Sri Lanka’s promise to cooperate on the issue of wartime atrocities has prompted the United Nations to postpone a report on human rights violations in the final stages of the country’s brutal civil war that ended in 2009. The step has been welcomed in the island country.
The United Nations Human Rights Council says the publication of a report, into the suspected deaths of as many as 40,000 Tamil civilians in the campaign to crush the Tamil Tiger rebels, has been deferred until September to give the new government space to conduct a credible domestic investigation.
The previous government had stonewalled international efforts at an inquiry and barred international investigators from entering the country. That prompted a United States-backed resolution to authorize a U.N. inquiry, which was to be tabled in March.
The U.N. report’s deferral follows an intense campaign by the government of President Maithripala Sirisena, which took power last month. It assured the U.N. that those who have violated human rights will be brought to justice through a domestic probe. But officials say they need time to set up a mechanism to investigate the charges and deliver results.
Political scientist Ahilan Kadirgamar, based in the northern Tamil-dominated Jaffna province, backs the U.N. decision to give time to Sri Lanka’s government to carry out a domestic probe.

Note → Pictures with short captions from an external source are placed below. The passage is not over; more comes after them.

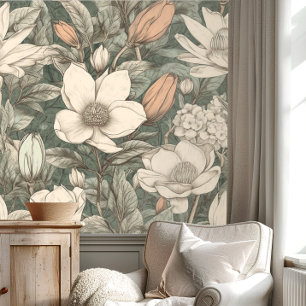 Vintage Magnolia Floral Wallpaper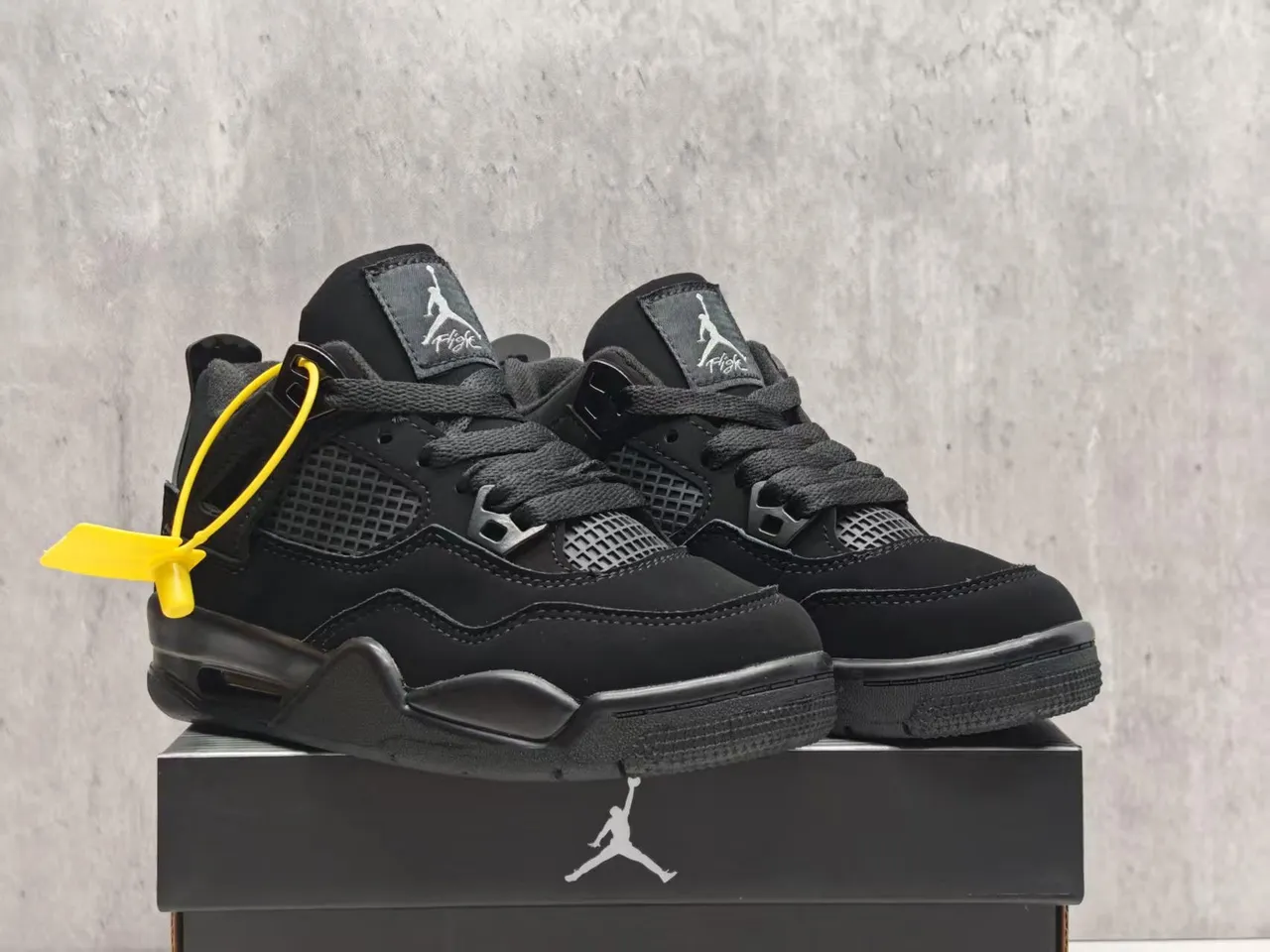 Air Jordan 4 Beige Orange Black Basketball Shoes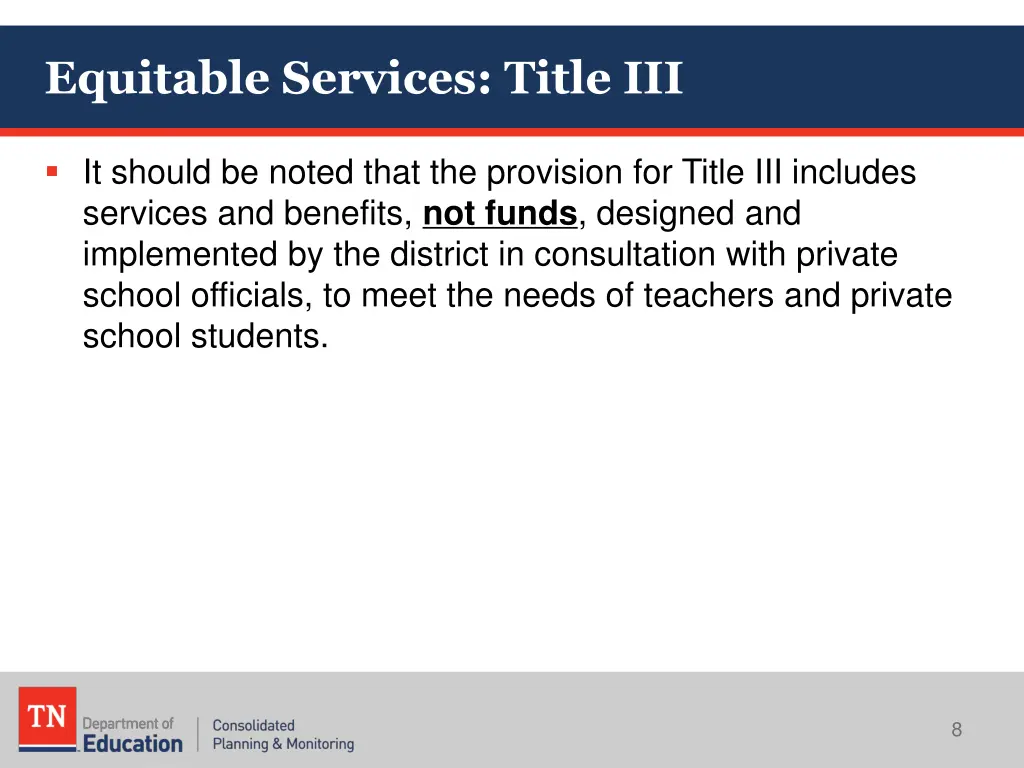 equitable services title iii 2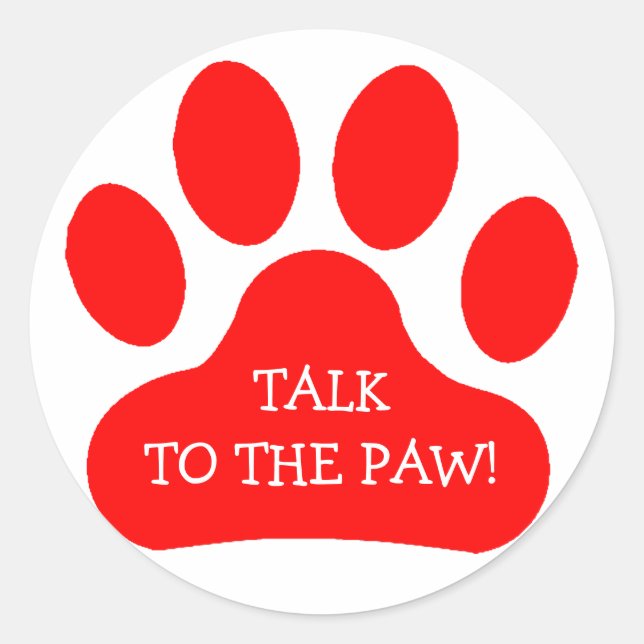 Red Paw Print Runder Aufkleber (Vorderseite)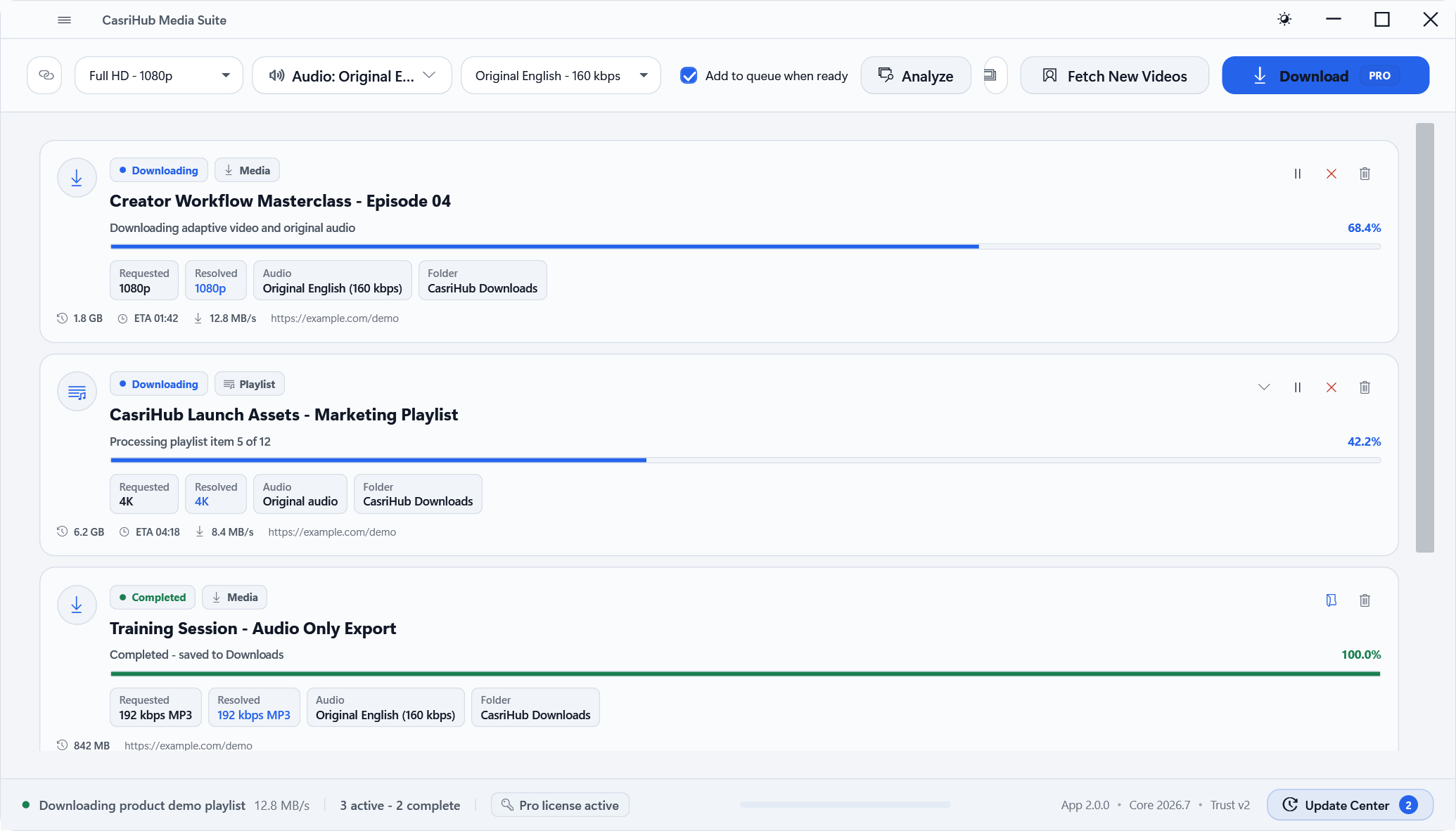 Paste a link, pick quality and audio, then Analyze or Download.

“It is really important, however hard it is, that domestic processes are exhausted. Because ultimately the change has to be inside the country. There might be much more attention when there is an international process, but it may not necessarily change the institutions, the human rights culture in the country," Kadirgamar stated. "Given this welcome change of the new regime, we don’t know how far they will go, what will be the outcome, but waiting another six months is not a major difference and this new opportunity should be utilized.”
The U.N. Human Rights Council says the report’s deferral is a “one-time only” step. And U.N. Secretary-General Ban Ki-moon says he will keep a close watch on Sri Lanka’s pledged domestic mechanism.
Rights groups such as Amnesty International say a delay is only justified if it leads to a stronger report and have warned that perpetrators of war crimes should not be allowed to escape punishment.
Neelam Deo at think tank Gateway House in Mumbai says the U.N. also took note of a number of steps taken by new government in recent weeks to promote reconciliation with the minority Tamil community in the wake of the long civil war.
“The fact that the new government has already taken some measures to alleviate the situation in the northern province such as changing the military governor for a civilian official and because there have been signals that they intend to do more to meet the aspirations of the Sri Lankan Tamils for an equitable representation in the country,” Deo noted.
Tamils, whose electoral support helped catapult the new government to power, complain that the previous administration did little to draw them into the political mainstream or improve economic conditions in the north and east which were devastated by a quarter century of civil war.
Kadirgamar said overriding attention on the accountability issue has deflected attention from a range of pressing issues in the Tamil-dominated areas. “Five years after the end of the war, the population in the north and east is going through a severe economic crisis, the crisis of falling incomes, of massive indebtedness and dispossession. And those concerns, which are central to the people here, are not often discussed at these international forums,” Kadirgamar stated.
Some analysts say that international pressure over the issue of wartime atrocities had pushed the previous government closer to China and are urging Western countries to take a more “holistic view” of steps needed to promote reconciliation in the country.